The register file is combinational with respect to reads (rs1 determines rs1_data, and rs2 determines rs2_data), and sequential for writes (rd_data is written to rd on the rising clock edge if write_en is set). The signature for the data path is as follows:

/// 32-bit Register file
///
/// There are 32 32-bit registers x0-x31, with x0 hardwired
/// to zero. This module provides two combinational output
/// ports, controlled by the two addresses rs1 and src, and
/// a single registered write (on the rising edge of the clock
/// when the write enable signal is asserted).
///
/// There is no reset; on power-on, the register values are
/// set to zero.
///
module register_file(
    input clk, // clock
    input write_en, // write enable for rd
	input [31:0] rd_data, // data for write
    input [4:0] rs1, // source register index
    input [4:0] rs2, // source register index
    input [4:0] rd, // destination register index for write
    output [31:0] rs1_data, // read port for rs1
    output [31:0] rs2_data // read port for rs2
    );

The fields rs1, rs2, and rd are routed from fixed locations in instr. The source for rd_data is selected from one of the following options:

  • main_alu_result for register-register, register-immediate, and auipc instructions

  • data_mem_rdata for load instructions

  • csr_rdata for Zicsr instructions

  • pc_plus_4 for unconditional jump instructions

  • imm for lui

To simplify the data path, the register file is wrapped in a module that routes the register indices from the instruction, and selects the source for writing data:

/// Write data for rd in register file
///
/// The rd_data_sel arguments selects between the inputs:
///
/// 000: main_alu_result,
/// for register-register, register-immediate, and auipc instructions
///
/// 001: data_mem_rdata
/// for load instructions
///
/// 010: csr_rdata
/// for Zicsr instruction
///
/// 011: pc_plus_4
/// for unconditional jump instructions
///
/// 100: { instr[31:12], 12{1'b0} } (from instr input)
/// for lui instruction
///
module register_file_wrapper(
	input clk, // for writing
	input write_en, // 1 to write data to rd; 0 otherwise
	input [1:0] rd_data_sel, // pick what to write to rd
	input [31:0] main_alu_result, // the output from the main ALU
	input [31:0] data_mem_rdata, // data output from data memory bus
	input [31:0] csr_rdata, // data output from CSR bus
	input [31:0] pc_plus_4, // current pc + 4, from pc module
	input [31:0] instr, // current instruction
    	output [31:0] rs1_data, // read port for rs1
    	output [31:0] rs2_data // read port for rs2
    );

Data Memory Bus

The design will use a simple bus for accesses to data memory (the target for loads and stores). Using a bus allows separate devices (e.g. main memory, and I/O devices) to be separated into different modules.

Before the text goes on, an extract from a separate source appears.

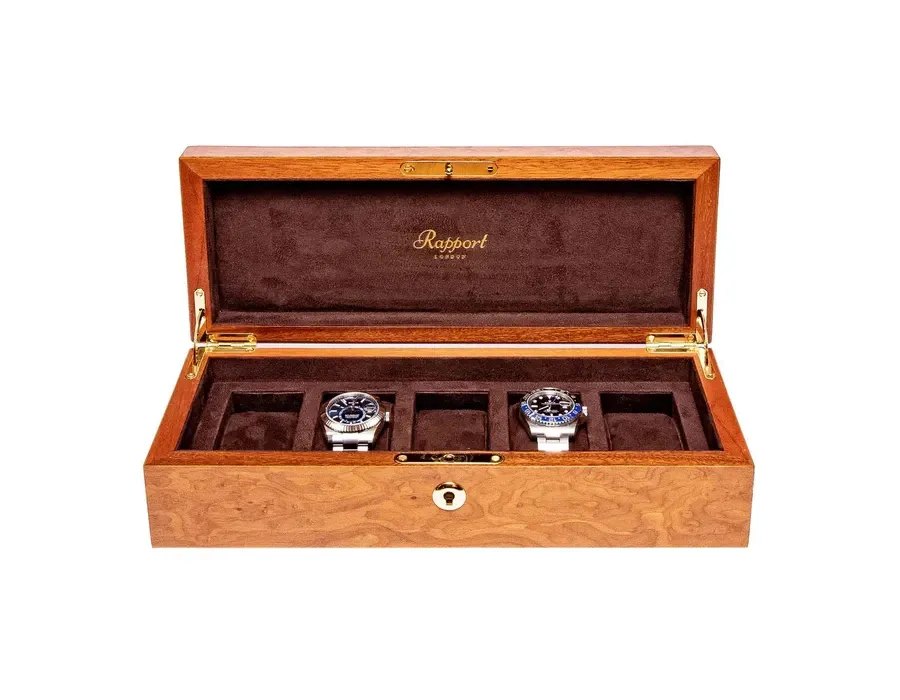 obrazek 1 Prestiżowy Collector Box L274 na 5 zegarków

Instead of using an enable signal to pick which device is active on the bus, each device will determine whether it should handle the read or write, by setting a "claim" signal. The read outputs from all the devices are ORed together, and devices not claiming the signal set their output to zero.

The claim signals from all the devices are ORed together. On a read or write, this signal can be used to check that at least one device will handle the request. If no device will handle the request, a load/store access fault can be raised.

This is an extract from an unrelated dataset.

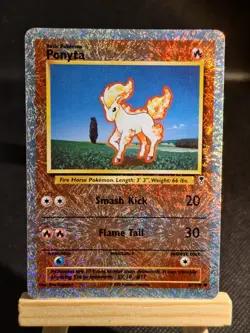 Pokemon Ponyta 87/110 Legendary Collection Reverse Holo Foil - Image 1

The (logical) bus interface is as follows:

interface data_mem_bus();
   bit        clk; // writes are performed on the rising clock edge
   bit [31:0] addr; // the read/write address
   bit [1:0]  width; // the width of the read/write (byte, halfword, word)
   bit [31:0] rdata; // read-data returned from device
   bit [31:0] wdata; // write-data passed to device
   bit	      write_en; // whether to perform a write (or just a read)
   bit	      claim; // devices will claim read/write based on address/width
endinterface

The OR logic for claim and rdata will be handled using modports, one per device (and one for the host).

The devices on the bus are:

  • The main memory module (RAM)

  • Any memory-mapped CSRs (in particular, the timer interrupt controller)

  • Any memory-mapped peripherals

The data memory bus is only used for loads and stores (instruction fetch does not use this bus in this design).

For both load and store instructions, the address is calculated by the ALU, so the addr line is hardwired to the main ALU output. The width field depends on the instruction, and is driven by the control unit. The write_en line is set only for store instructions. The wdata field is hardwired to rs2_data, which is the only source for writes to data memory.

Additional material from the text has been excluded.